L’aînée, dona Eugénia, entra dans la congrégation des dorothées. Devenue en 1907 supérieure du collège de Quelhas, elle obtenait des grâces spéciales pour ses élèves par ses neuvaines continuelles à Notre-Dame de Lourdes. Elle y associait une ou plusieurs dorothées, leur demandant de prier avec elle à la petite grotte, au fond du parc.

Un jour d’été, comme la chaleur était accablante, une sœur suggéra d’aller plutôt prier dans la chapelle puisque l’Immaculée y était aussi honorée par une belle statue.

« Eh bien ! lui répondit mère Monfalim, c’est parce que c’est une petite pénitence de marcher par cette chaleur que j’aime sortir à cette heure-là. Toute prière accompagnée de sacrifice, même s’il est petit comme celui-là, incite davantage le Cœur de Notre-Dame à prendre soin de nous. » (à suivre)

Mercredi 29 octobre

La reine Amélie, bienfaitrice des dorothées, partageait la dévotion de mère Monfalim. En février 1910, deux ans après l’assassinat de son époux Carlos Ier, elle se rendit à Lourdes « prier de toute mon âme la Sainte Vierge ». Elle lui confia son fils, le roi Manuel II, de plus en plus menacé par le complot républicain.

Sept ans après, l’Immaculée se faisait voir et entendre à Fatima. Près du chêne-vert, les pèlerins chantaient l’Ave Maria... de Lourdes !

En 1921, le Portugal tomba dans une anarchie effroyable. C’est la Vierge de Lourdes que le futur président Salazar, le député Dr. Dinis da Fonseca, le “ saint ” Père Cruz, le Dr.
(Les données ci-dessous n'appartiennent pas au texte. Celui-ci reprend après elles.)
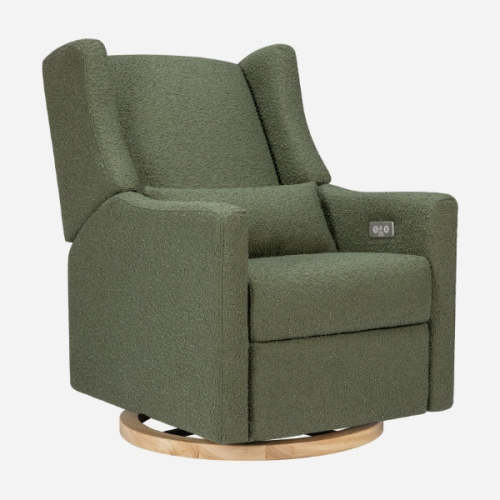 Kiwi Electronic Recliner and Swivel Glider with USB port - Olive Boucle with Light Wood Base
Tomao de Gamboa et le professeur Gonçalves Cerejeira (qui deviendra cardinal de Lisbonne) supplièrent une nuit entière, à genoux dans la Grotte, pour leur patrie.

« On aurait dit qu’ils pleuraient plus qu’ils ne priaient », raconta un témoin.

La Mère de Dieu les exauça : la paix et le redressement politique sauva le Portugal.

Jeudi 30 octobre

Pèlerinage du Maréchal Pétain à Lourdes, le 21 avril 1941 :

La Grotte de Massabielle était redevenue « domaine de l’Église », par décision du chef de l’État français (décret du 10 février 1941), mettant fin à trente-cinq ans de spoliation par la République. Pour avoir été moins solennel et plus rapide que son pèlerinage au Puy, son pèlerinage à Lourdes n’en a pas été moins touchant. C’est lui qui a voulu faire ce pèlerinage à la Grotte, où Mgr Choquet l’a magnifiquement reçu. Entre le Puy et Lourdes, il y a toujours eu des liens mystérieux. Toujours “ la Dentellière ” qui croise ses fils dans l’ombre avec soin ! Depuis le temps lointain où le comté de Bigorre payait tribut à Notre-Dame du Puy qu’il reconnaissait comme suzeraine, Notre-Dame qui voit loin ayant voulu s’associer longtemps à l’avance le haut domaine du coin de France où Elle se réservait d’apparaître un jour...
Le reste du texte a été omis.